# [Material shown]
[Start of Attachment]

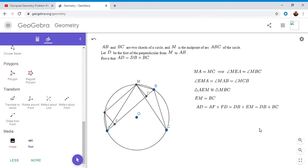So I hope you all enjoyed this. It's very cool seeing multiple different approaches to the same problem. And if you go on cuttheknot.org and you search broken chord lemma, I think you'll see even more solutions to this problem. So if you like this video, please give it a thumbs up. And if you want to see more, please subscribe to my channel. Thanks everyone. Have a good one.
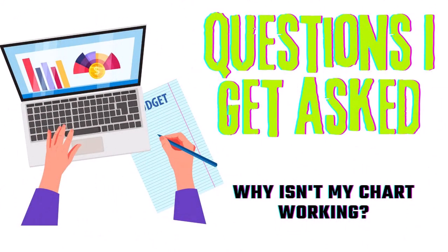Welcome to another video in our series on questions I get asked on training courses. Today, it's about the chart that won't work in Excel.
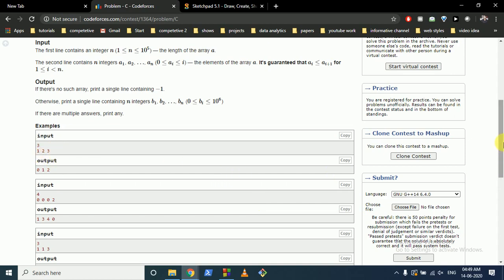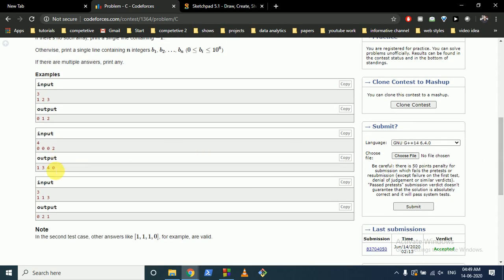Looking at the example: MEX of {1} is 0. MEX of {1, 3} is still 0. MEX of {1, 3, 4} is still 0. But MEX of {1, 3, 4, 0} is 2, because 0 and 1 are present, so the next missing integer is 2. That's why the answer for that position is 2.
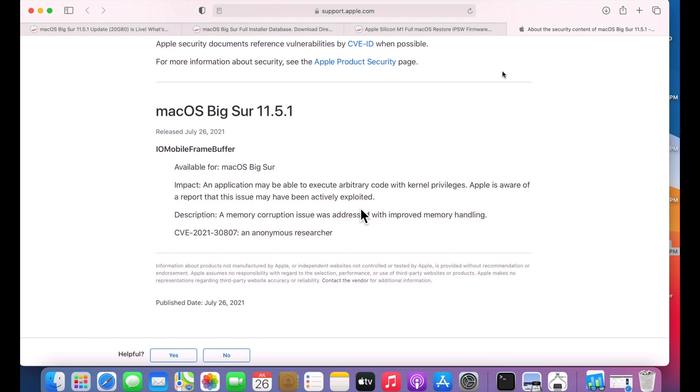So the next thing you might ask, do you recommend installing this update? And I do. Anytime that there's a point release update like this that is revolving around security, you want to be able to protect your device as soon as possible. So I do recommend installing this update as soon as you can.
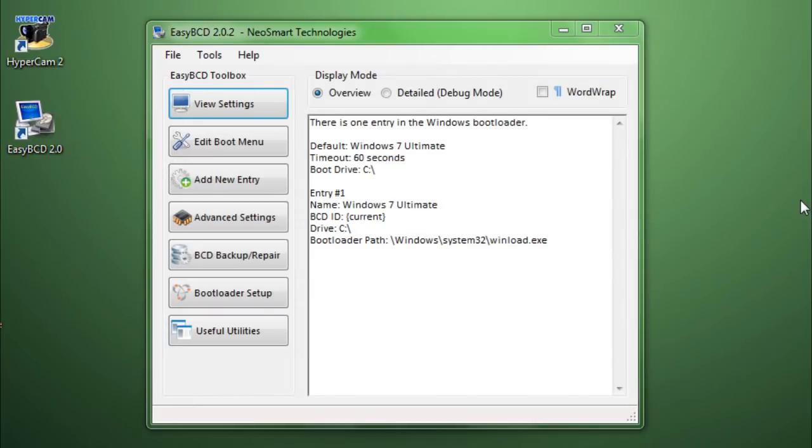Welcome back everyone to another tech video. In this video we shall be talking about the software EasyBCD for Windows. EasyBCD is one of those software that can actually save your computer.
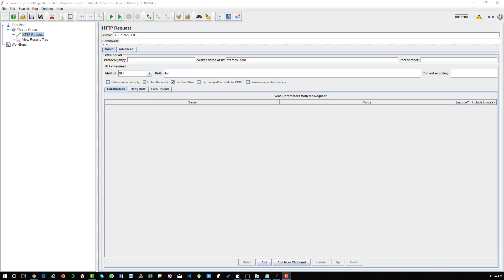Hi friends. Today we are going to see how to handle Jenkins job if JMeter test fails. One of the QA Insights readers asked this question, so I thought of putting up a video. We will see how to handle your Jenkins job if JMeter test fails.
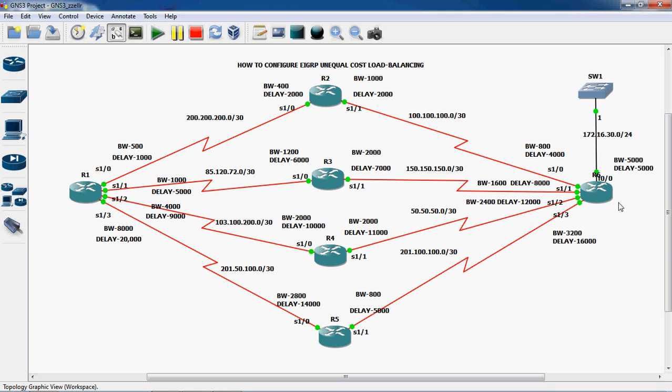R6 router is also connected to R2, R3, R4, and R5 routers using separate serial cables. Each serial cable indicates a different WAN network. R6 router is also connected to one local area network.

[End of Attachment]

# [Action item]
Please reproduce the lines exactly from the one containing "Welcome to another" through the last line of the data above, and keep the pictures out.

# [Result of this exercise]
Welcome to another video in our series on questions I get asked on training courses. Today, it's about the chart that won't work in Excel.
Looking at the example: MEX of {1} is 0. MEX of {1, 3} is still 0. MEX of {1, 3, 4} is still 0. But MEX of {1, 3, 4, 0} is 2, because 0 and 1 are present, so the next missing integer is 2. That's why the answer for that position is 2.
So the next thing you might ask, do you recommend installing this update? And I do. Anytime that there's a point release update like this that is revolving around security, you want to be able to protect your device as soon as possible. So I do recommend installing this update as soon as you can.
Welcome back everyone to another tech video. In this video we shall be talking about the software EasyBCD for Windows. EasyBCD is one of those software that can actually save your computer.
Hi friends. Today we are going to see how to handle Jenkins job if JMeter test fails. One of the QA Insights readers asked this question, so I thought of putting up a video. We will see how to handle your Jenkins job if JMeter test fails.
R6 router is also connected to R2, R3, R4, and R5 routers using separate serial cables. Each serial cable indicates a different WAN network. R6 router is also connected to one local area network.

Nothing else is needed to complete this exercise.